◆ TASK DESCRIPTION
Lines from the one with "Thảm Tập Yoga" to the end of the material, both included: print them exactly and print nothing else. Omit the pictures.

◆ DATA SECTION
= Beginning of Section =
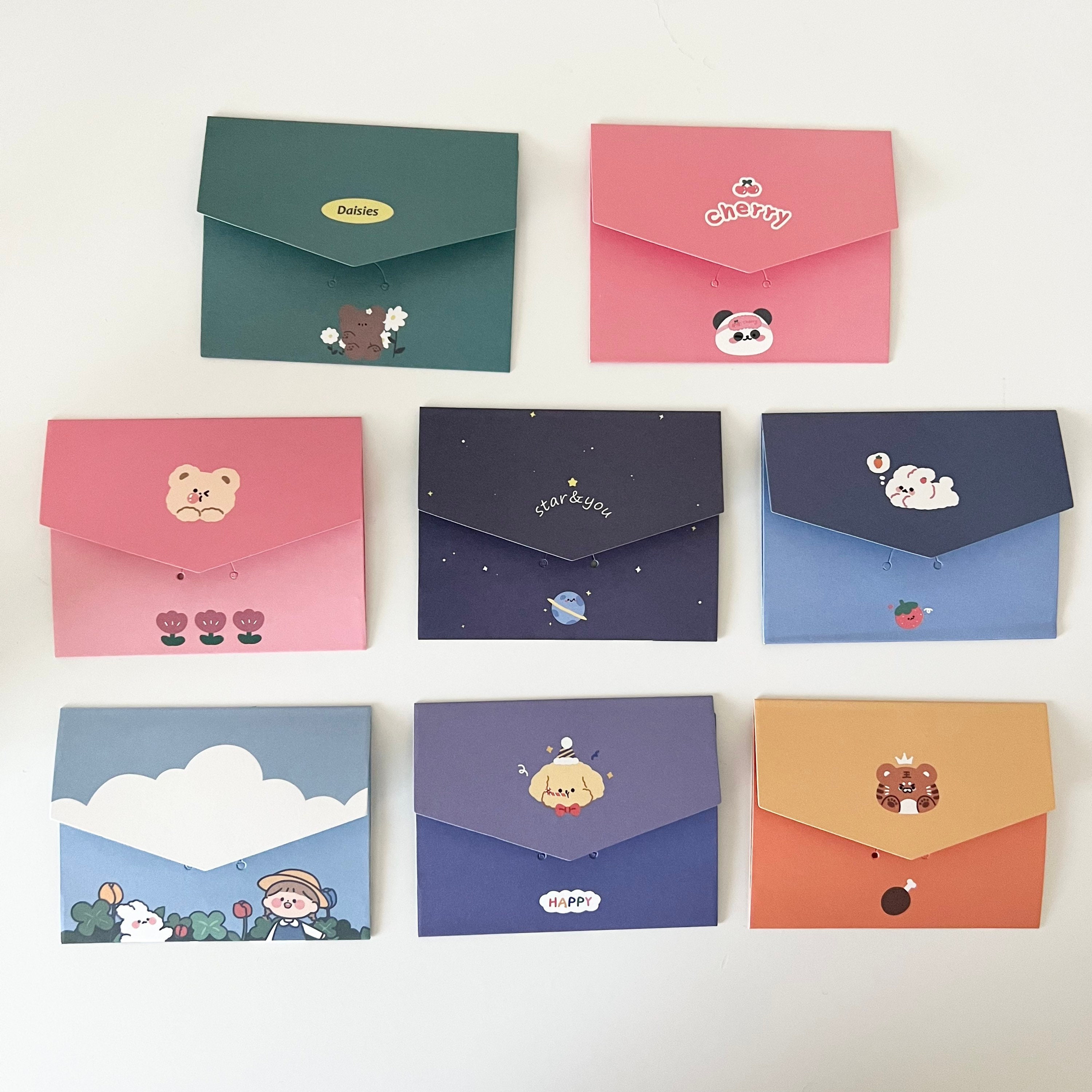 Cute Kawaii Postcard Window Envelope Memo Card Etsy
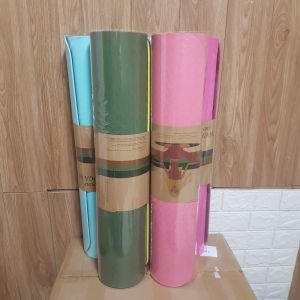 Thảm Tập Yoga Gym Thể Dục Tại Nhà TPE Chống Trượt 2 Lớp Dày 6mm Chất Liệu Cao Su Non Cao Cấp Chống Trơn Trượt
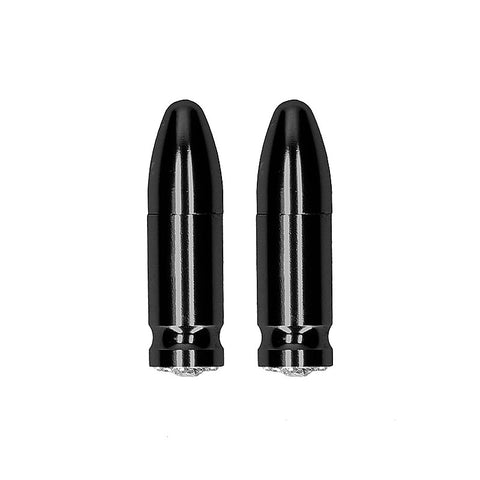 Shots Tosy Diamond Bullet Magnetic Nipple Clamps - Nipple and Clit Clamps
= End of Section =
◆ ANSWER AREA
 Thảm Tập Yoga Gym Thể Dục Tại Nhà TPE Chống Trượt 2 Lớp Dày 6mm Chất Liệu Cao Su Non Cao Cấp Chống Trơn Trượt
 Shots Tosy Diamond Bullet Magnetic Nipple Clamps - Nipple and Clit Clamps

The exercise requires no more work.